Okay,所以你不准备去写多线程程序。你仍然处于困境当中。想象这样的问题,区代码是无效的,并且设置抛出了一个异常。你只是完成了一些你想做的事,可你却使系统处于一个无效的状态当中。为了修正这个问题,你须要在地址类里面添加一个相当大的内部验证码。这个验证码应该须要相当大的空间,并且很复杂。为了完全实现期望的安全性,当你修改多个字段时,你须要在你的代码块周围创建一个被动的数据COPY。线程安全性可能要求添加一个明确的线程同步用于检测每一个属性访问器,包括set和get。总而言之,这将是一个意义重大的行动--并且这很可能在你添加新功能时被过分的扩展。

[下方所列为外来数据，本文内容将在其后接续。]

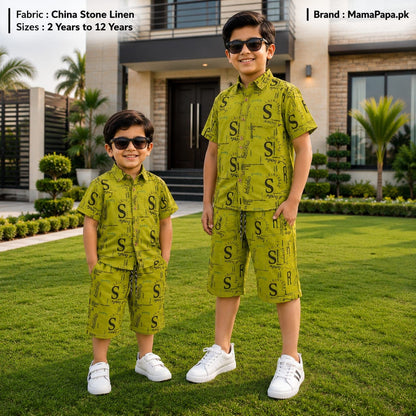 China Diamond Linen Niker Shirts For Kids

取而代之,把address结构做为一个恒定类型。开始把所有的字段都改成只读的吧:
public struct Address
{
private readonly string _line1;
private readonly string _line2;
private readonly string _city;
private readonly string _state;
private readonly int _zipCode;
// remaining details elided
}
你还要移除所有的属性设置功能:
public struct Address
{
// ...
public string Line1
{
get { return _line1; }
}
public string Line2
{
get { return _line2; }
}
public string City
{
get { return _city; }
}
public string State
{
get { return _state; }
}
public int ZipCode
{
get { return _zipCode; }
}
}
现在,你就拥有了一个恒定类型。为了让它有效的工作,你必须添加一个构造函数来完全初始化address结构。这个address结构只须要额外的添加一个构造函数,来验证每一个字段。一个拷贝构造函数不是必须的,因为赋值运算符还算高效。记住,默认的构造函数仍然是可访问的。这是一个默认所有字符串为null,ZIP代码为0的地址结构:
public struct Address
{
private readonly string _line1;
private readonly string _line2;
private readonly string _city;
private readonly string _state;
private readonly int _zipCode;
public Address( string line1,
string line2,
string city,
string state,
int zipCode)
{
_line1 = line1;
_line2 = line2;
_city = city;
_state = state;
_zipCode = zipCode;
ValidateState( state );
ValidateZip( zipCode );
}
// etc.
}
在使用这个恒定数据类型时,要求直接用不同的调用来一顺的修改它的状态。你更宁愿创建一个新的对象而不是去修改某个实例:
// Create an address:
Address a1 = new Address( "111 S. Main",
"", "Anytown", "IL", 61111 );
// To change, re-initialize:
a1 = new Address( a1.Line1,
a1.Line2, "Ann Arbor", "MI", 48103 );
a1的值是两者之一:它的原始位置Anytown,或者是后来更新后的位置Ann Arbor。你再不用像前面的例子那样,为了修改已经存在的地址而使对象产生临时无效状态。这里只有一些在构造函数执行时才存在的临时状态,而在构造函数外是无法访问内部状态的。很快,一个新的地址对象很快就产生了,它的值就一直固定了。这正是期望的安全性:a1要么是默认的原始值,要么是新的值。如果在构造对象时发生了异常,那么a1保持原来的默认值不变。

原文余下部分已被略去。